PROBLEM TO WORK ON: The whole listing needs retyping exactly; keep the pictures out of it.

RECORDS FOR PROCESSING:
=== Begin Enclosure ===

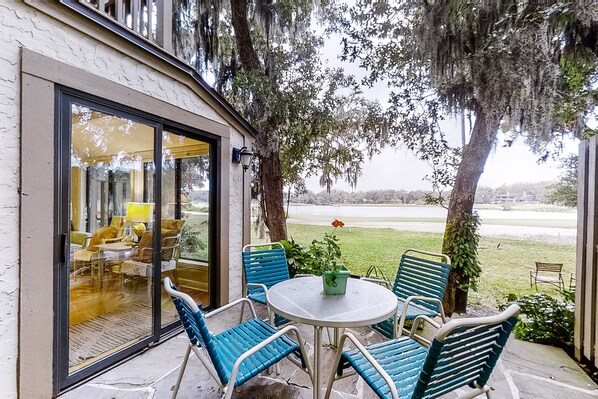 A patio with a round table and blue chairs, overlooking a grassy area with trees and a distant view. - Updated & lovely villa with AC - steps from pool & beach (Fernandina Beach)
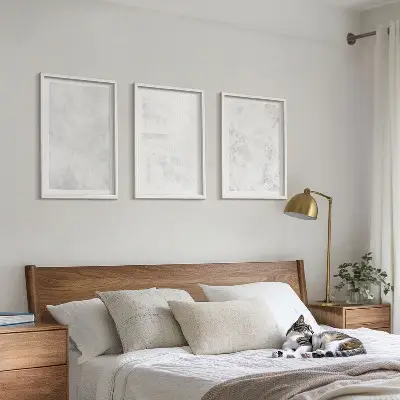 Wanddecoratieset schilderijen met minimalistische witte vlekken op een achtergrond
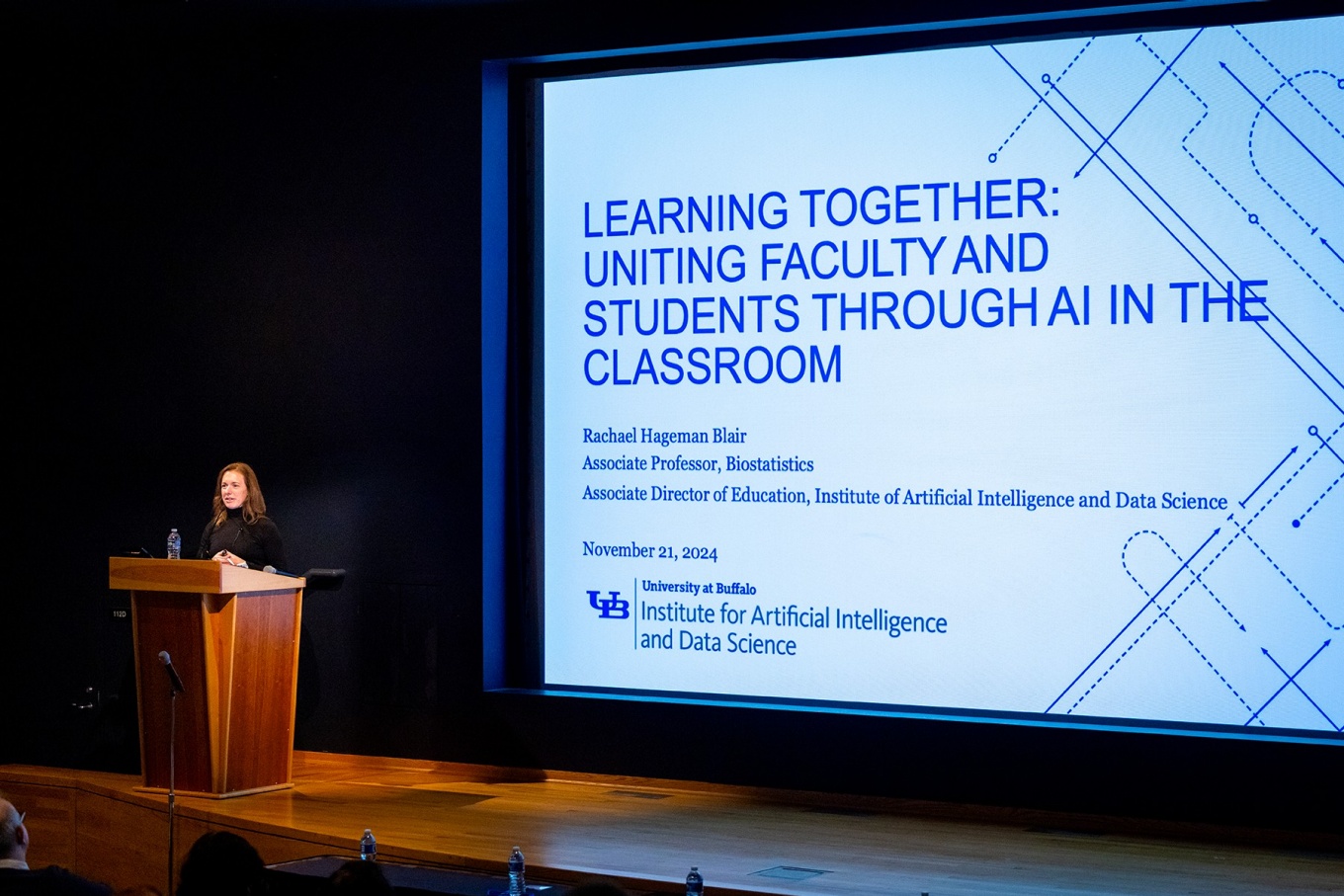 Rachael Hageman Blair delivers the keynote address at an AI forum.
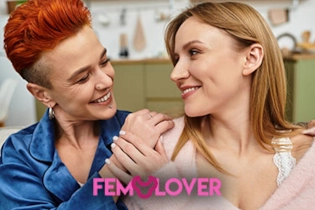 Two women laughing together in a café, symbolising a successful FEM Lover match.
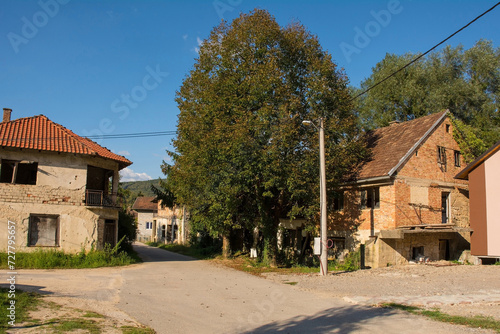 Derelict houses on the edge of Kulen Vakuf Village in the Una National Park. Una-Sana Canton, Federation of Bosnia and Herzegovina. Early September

=== End Enclosure ===

OUTPUT:
 A patio with a round table and blue chairs, overlooking a grassy area with trees and a distant view. - Updated & lovely villa with AC - steps from pool & beach (Fernandina Beach)
 Wanddecoratieset schilderijen met minimalistische witte vlekken op een achtergrond
 Rachael Hageman Blair delivers the keynote address at an AI forum.
 Two women laughing together in a café, symbolising a successful FEM Lover match.
 Derelict houses on the edge of Kulen Vakuf Village in the Una National Park. Una-Sana Canton, Federation of Bosnia and Herzegovina. Early September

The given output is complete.